Should pictures appear among the records, leave them out, and copy exactly only the lines from the first through the one with "The Storm botnet", inclusive.

:::::

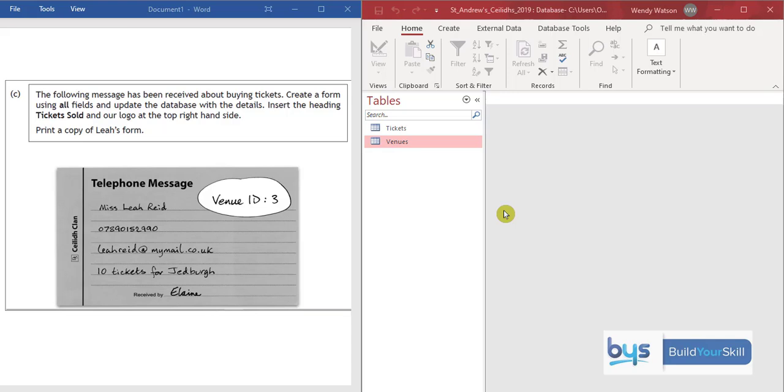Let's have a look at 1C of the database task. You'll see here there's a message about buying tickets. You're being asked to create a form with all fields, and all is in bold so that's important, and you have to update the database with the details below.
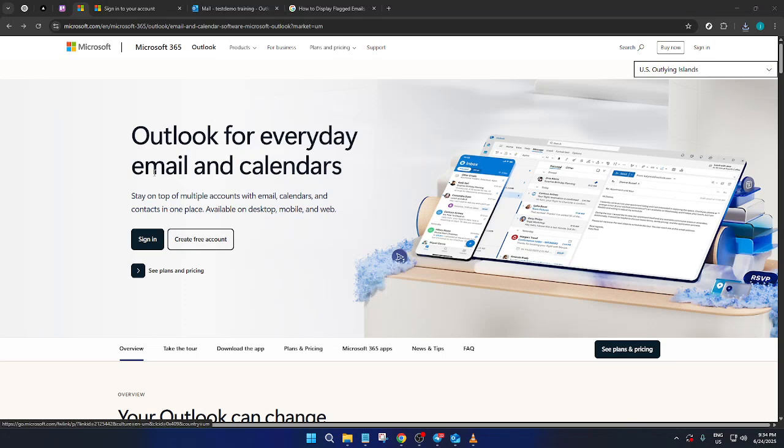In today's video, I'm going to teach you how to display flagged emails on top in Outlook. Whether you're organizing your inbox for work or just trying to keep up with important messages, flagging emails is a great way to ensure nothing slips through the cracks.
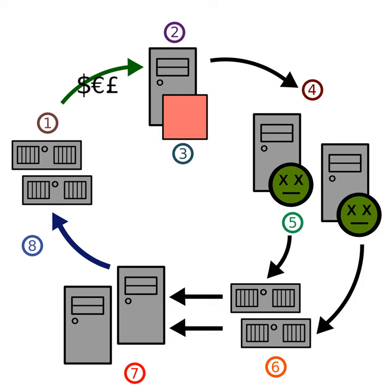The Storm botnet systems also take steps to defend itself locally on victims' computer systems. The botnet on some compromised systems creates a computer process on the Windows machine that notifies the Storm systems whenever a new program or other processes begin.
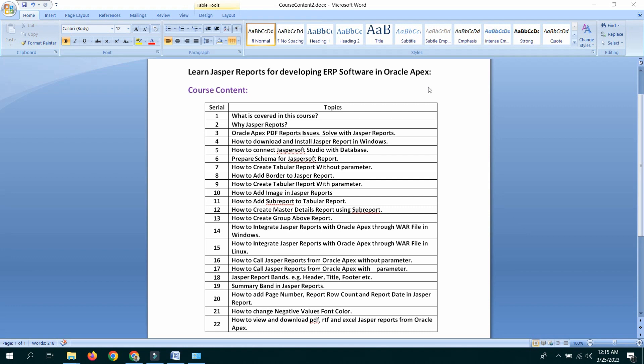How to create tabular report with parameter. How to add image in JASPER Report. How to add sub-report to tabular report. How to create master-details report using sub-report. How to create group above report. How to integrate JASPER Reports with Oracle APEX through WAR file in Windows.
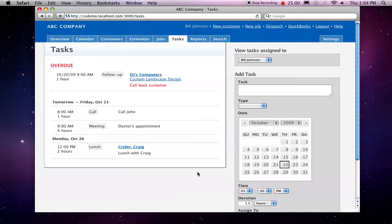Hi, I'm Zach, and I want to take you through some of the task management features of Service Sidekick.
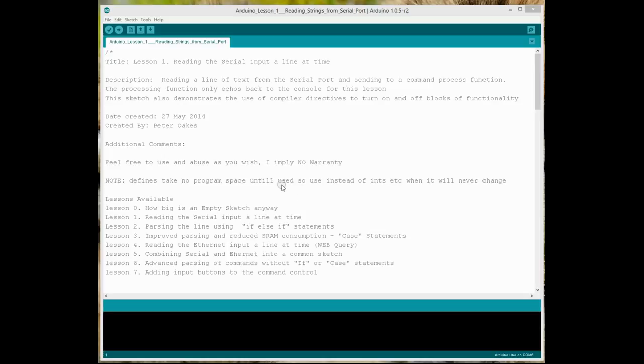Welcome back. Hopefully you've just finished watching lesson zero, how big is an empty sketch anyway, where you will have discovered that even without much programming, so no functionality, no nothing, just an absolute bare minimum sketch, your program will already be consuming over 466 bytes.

:::::

=== Answer for this exercise ===
Let's have a look at 1C of the database task. You'll see here there's a message about buying tickets. You're being asked to create a form with all fields, and all is in bold so that's important, and you have to update the database with the details below.
In today's video, I'm going to teach you how to display flagged emails on top in Outlook. Whether you're organizing your inbox for work or just trying to keep up with important messages, flagging emails is a great way to ensure nothing slips through the cracks.
The Storm botnet systems also take steps to defend itself locally on victims' computer systems. The botnet on some compromised systems creates a computer process on the Windows machine that notifies the Storm systems whenever a new program or other processes begin.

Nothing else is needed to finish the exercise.